Сад был виден с нашего прогулочного двора, и мы глядели на него и мечтали о субботе, когда нас поведут в баню и мы ощутим его аромат, его несравненную прелесть.
И вдруг наш сад рубят. Мы прислушивались всю ночь, и когда раздавались удары топора, нам казалось, что удары приходятся по нашим телам.
Может быть, завтра заколотят окно, и мы снова будем лишены неба? Ведь мы в полной власти своих мучителей!
Мы с Лидой проплакали всю ночь, утром встали убитые. Не хотелось ни есть, ни читать. Со страхом дошли на прогулку и увидели шелестящий, на ветру, нетронутый, чудесный наш вишневый сад.
Мы ошиблись, его не рубили — это чинили забор. От двухмесячного пребывания в Суздале осталось впечатление золотых закатов и благоухающего вишневого сада.
Как много и как мало человеку надо!
Много — потому что кроме хлеба человеку еще нужна красота. Мало — потому что мы только через окно видели небо и раз в неделю проходили садом. Я в жизни много видела прекрасного — я не один раз слышала Шаляпина, Рахманинова, я видела прекрасные картины, я читала чудесные книги, но самое прекрасное, что я пережила, это суздальское небо и суздальский вишневый сад.
Этап
После двухмесячного пребывания в Суздале 10 июля 1939 года с самого утра мы поняли, что происходит что-то необычное. По коридору непрерывно и шумно ходили, отпирались камера за камерой, слышались слова команды и, что совсем удивительно, голоса заключенных. Наконец, вошли к нам.
— Собирайтесь с вещами.
И через полчаса:
— Выходите.
Нас вывели во двор. Там уже столпилось человек 30–40 женщин. Лица опять меня поразили какой-то зеленой бледностью и каким-то ненормальным выражением. Несколько женщин были обриты наголо. Из тех, с кем я сидела, были Мария Даниэлян, Нина Берестова и Лиза Цветкова, та самая, которой перестали писать дочери. Не было Жени Гольцман. Я спросила о ней Нину, и она сказала, что Женя умерла. (Это оказалось неправдой.)

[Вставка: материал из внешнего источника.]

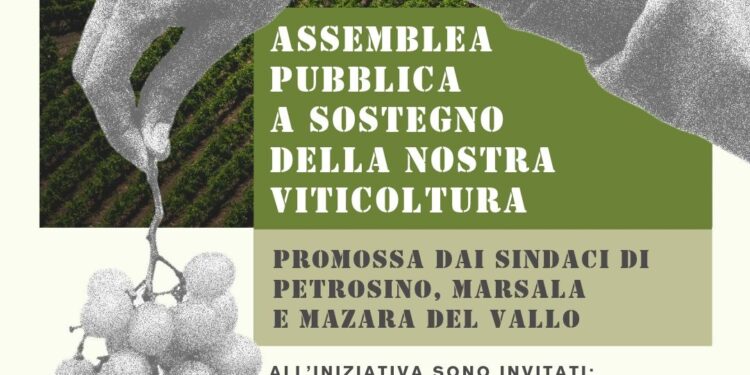 Viticoltura trapanese, appello congiunto dei sindaci: «Risorse straordinarie e risposte concrete per salvare il futuro del comparto»
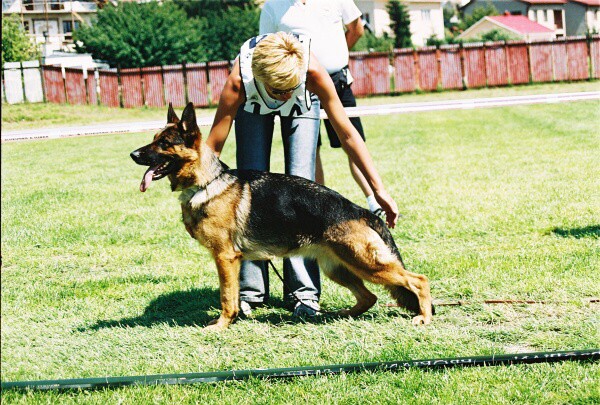 Kynologická revue - www.dogsk.sk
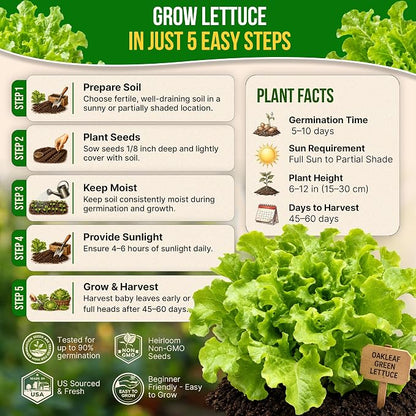 Organo Republic Lettuce Oakleaf Seeds Pack 1 G - Over 800 Non-GMO Heirloom Lettuce Seeds for Planting Greens in Individual Seed Packet, Greens Seeds for Planting Home Garden Indoor & Outdoor Gardening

Не было Ольги Ивановны Никитиной. Она лежала в тюремной больнице в параличе.
Меня окликнули:
— Кто здесь Ольга Слиозберг?
Я отозвалась. Ко мне подошла Ольга Радович, девушка 26 лет, подтянутая, с уложенными короной золотистыми косами и каким-то беленьким воротничком на тюремном платье. Ее неистребимый украинский румянец пробивался даже сквозь тюремную бледность.
— Я все мечтала попасть в одну камеру с вами, — сказала Ольга. — У нас с вами, наверное, найдется много общих интересов, я про вас слышала. А я все так неинтересно попадала, не с кем поговорить.
Я про Ольгу тоже слышала: она была искусствоведом и, кроме того, занималась художественным чтением. У нас, конечно, было много общих интересов, но в основном мы впоследствии не очень сошлись: Ольгу удивляли мои мучительные поиски причин, моя жажда справедливости. Для нее было ясно, что мы попали в лапы к бандитам и нужно как-то приспособиться и пережить эти страшные годы, не превратившись в истеричку и не разложившись морально.